Disinilah Roja bin Haywah berperan penting dan menjadi faktor utama di balik naiknya seorang 'Umar bin Abdul Aziz menjadi khalifah sepeninggal Sulaiman bin Abdul Malik.
Di penghujung hayatnya, Sulaiman bin Abdul Malik mengalami sakit, yang beliau rasakan sakitnya itu akan membawa pada kematian.
Sehingga beliau pun menulis wasiat dan memanggil Roja bin Haywah untuk dimintai nasihat dan pendapat.

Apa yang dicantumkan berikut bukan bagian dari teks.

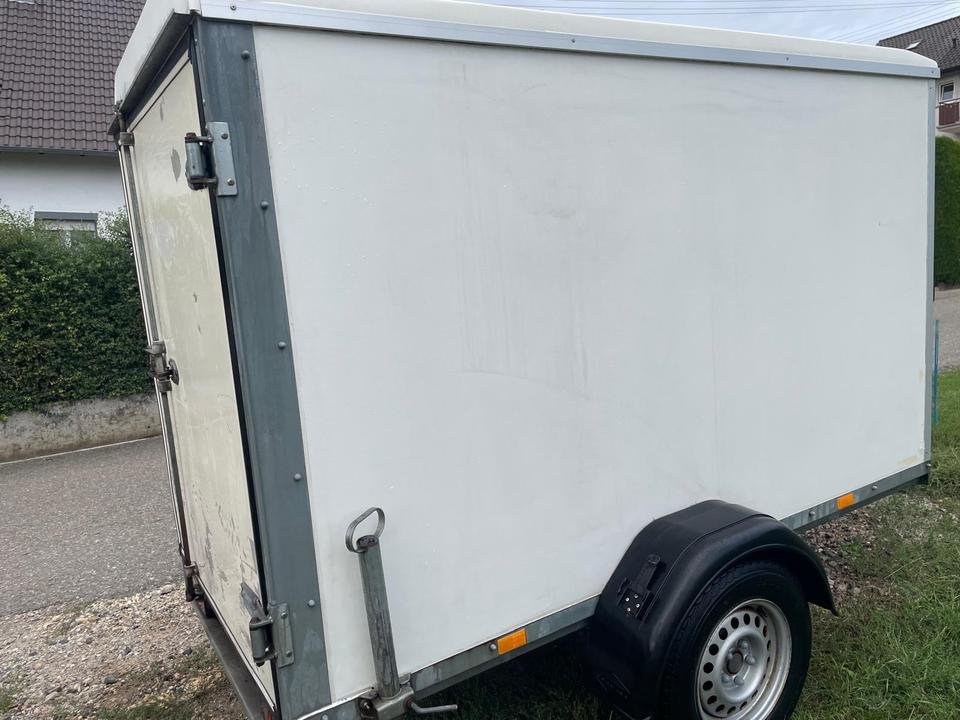 Nelbach EBN1300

"Wahai Roja, aku berniat menulis wasiat untuk menentukan khalifah berikutnya sepeninggalku. Aku berwasiat untuk putraku Ayyub. Bagaimana pendapatmu?"
Roja menjawab,
"Wahai amirul mukminin, putramu Ayyub masih kecil, masih kanak-kanak, ia belum bisa membedakan salah-benar, baik-buruk. Kekhalifahan ini belum layak untuknya."
Sulaiman bin Abduk Malik berkata,
"Bagaimana kalau putraku Dawud?"
Roja menjawab,
"Wahai amirul mukminin, putramu Dawud sedang berada di medan jihad, kita tidak tahu apakah dia masih hidup atau sudah syahid."

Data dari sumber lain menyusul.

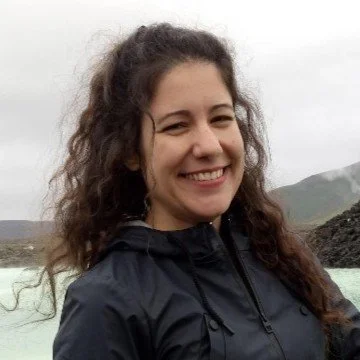 Vasiliki Gkouta.jpeg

Roja mengeliminasi setiap nama yang diajukan oleh Sulaiman bin Abdul Malik. Sebab Roja menunggu satu nama yang diinginkannya disebut oleh Sulaiman. Hingga ahirnya, Sulaiman berkata,
"Bagaimana menurutmu jika 'Umar bin Abdul Aziz?"
Roja menjawab,
"Ia adalah seorang yang alim, seorang yang mulia, seorang yang sangat religius."
Sulaiman pun menuliskan nama 'Umar bin Abdul Aziz sebagai khalifah penggantinya.
Roja bin Haywah keluar membawa surat tersebut di hadapan keluarga Bani Umayyah dan kaum muslimin. Beliau menerangkan,
"Ini adalah surat wasiat dari khalifah Sulaiman bin Abdul Malik, di dalamnya sudah ditulis nama khalifah pengganti beliau. Maka berbai'atlah kalian semua menerima siapapun nama yang tertulis."
Roja pun memanggil komandan pasukan bernama Ka'b bin Hamis untuk bersiap memenggal leher kalau-kalau ada orang yang menolak.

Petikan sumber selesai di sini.